Em dias de alerta elevado, está expressamente proibido o acesso, circulação e permanência nos espaços florestais. As autoridades definem estas medidas precisamente para reduzir exposições perigosas forçadas por condições meteorológicas e para permitir que meios de socorro se concentrem em prevenção e resposta a incidentes. A presença de civis em áreas de serra complica operações de socorro e aumenta riscos tanto para os visitantes como para os operacionais.
Fontes locais indicam que, na zona das Sete Lagoas, em Cabril, Montalegre, estavam dezenas de pessoas a circular livremente em áreas de serra durante o mesmo período. A circulação sem controlo em sítios com restrições coloca em causa não só a segurança individual como a eficácia das equipas de emergência, que podem ter de alterar prioridades para proceder a salvamentos preventivos.
O episódio traz à tona várias questões de interesse público:
- Responsabilidade cívica — a necessidade de cumprir proibições decretadas em situações de risco;
- Recursos das corporações — deslocações e meios gastos em salvamentos que decorrem de incumprimento das regras;
- Proteção de grupos vulneráveis — presença de grávidas, idosos e crianças aumenta a complexidade e urgência das operações.
A prática de aceder ao interior de espaços florestais durante alertas pode ainda ter consequências legais e administrativas. Embora a notícia não detalhe eventuais sanções aplicadas neste episódio específico, a legislação e os regulamentos de proteção civil preveem medidas de coação e responsabilização quando as proibições são desrespeitadas, sobretudo se o comportamento põe em risco terceiros ou sobrecarrega meios públicos.
Para além do risco imediato de incêndio, a presença de pessoas em áreas remotas em condições adversas eleva o potencial de incidentes por acidentes, desorientação ou necessidade de evacuação rápida. As corporações de bombeiros e outras entidades de proteção civil sublinham habitualmente a importância de planear atividades ao ar livre tendo em conta avisos oficiais e de privilegiar alternativas seguras, nomeadamente em dias de calor extremo, vento forte ou em prejuízo das restrições decretadas.

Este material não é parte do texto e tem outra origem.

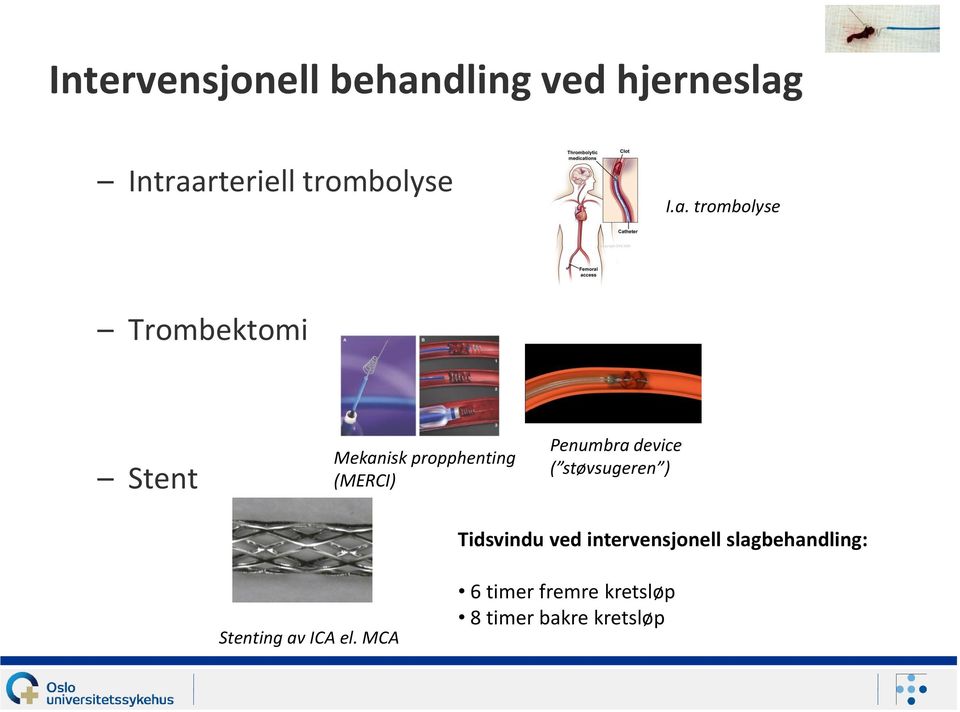 Penumbra device ( støvsugeren ) Tidsvindu ved intervensjonell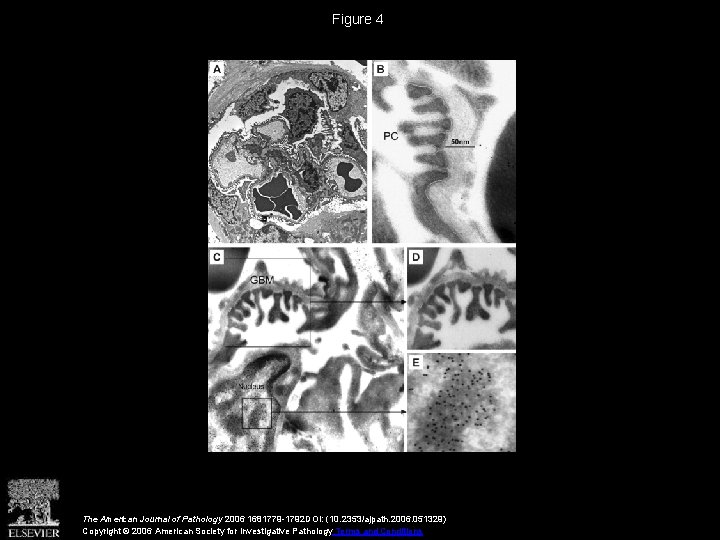 Figure 4 The American Journal of Pathology 2006 1681779 -1792 DOI: (10. 2353/ajpath. 2006.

| Item | Dados comunicados |
|---|---|
| Total de pessoas resgatadas | 19 |
| Grupos incluídos | Inclui uma grávida, idosos e crianças |
| Local | Parque Nacional da Peneda-Gerês (Sete Lagoas, Cabril, Montalegre) |
O episódio reforça a necessidade de campanhas de comunicação claras e de fiscalização eficaz durante períodos críticos. Além disso, convém avaliar se os mecanismos de alerta e a sinalética nos acessos aos parques são suficientes para dissuadir comportamentos de risco. A cooperação entre autoridades locais, forças de proteção civil e turistas é determinante para minimizar situações que colocam em risco vidas e recursos.
Enquanto decorrem ações de socorro e levantamento dos factos, permanece a recomendação pública: não aceder a espaços florestais quando haja proibição e seguir estritamente as instruções das autoridades competentes para salvaguardar a segurança coletiva.